SUPPORT AND MAINTENANCE SERVICES

  1. Support Level

  1. Customer Support and Maintenance Services level is: Premium Support.

  1. Updates and Upgrades

During the License Term, Company will make available to Customer such Updates and Upgrades that Company generally makes available to its other supported customers. For the avoidance of doubt, Updates and Upgrades expressly exclude new Software modules, which Company may make available at its sole discretion and will be subject to additional fees.

"Updates" means modifications or revisions to the Software (such as a bug fix or patch), as typically represented by the number to the right of the decimal point (e.g. Version 1.X).

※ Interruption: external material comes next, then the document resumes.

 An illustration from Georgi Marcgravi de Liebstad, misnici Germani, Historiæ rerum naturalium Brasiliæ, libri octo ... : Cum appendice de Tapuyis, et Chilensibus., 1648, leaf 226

"Upgrades" means new releases (each, a "Release") of the Software (such as the addition of new features or functionalities), as typically represented by the number to the left of the decimal point (e.g. Version X.0)

  1. Technical Support

During Business Hours (set forth below), Company's helpdesk personnel shall receive Customer support requests via email or instant messages on Discord in connection with Errors (each, a "Support Request"). "Error" means any verifiable and reproducible failure of the Software to materially perform the functions described in the Software's documentation. Once Company has determined that the Support Request is covered by a valid support contract, Company will:

(A) respond to such Support Request based on the Severity Levels (as determined by Company) set out in the table below; and

(B) Company will use commercially reasonable efforts to get to Problem Resolution or to provide a workaround for the Error.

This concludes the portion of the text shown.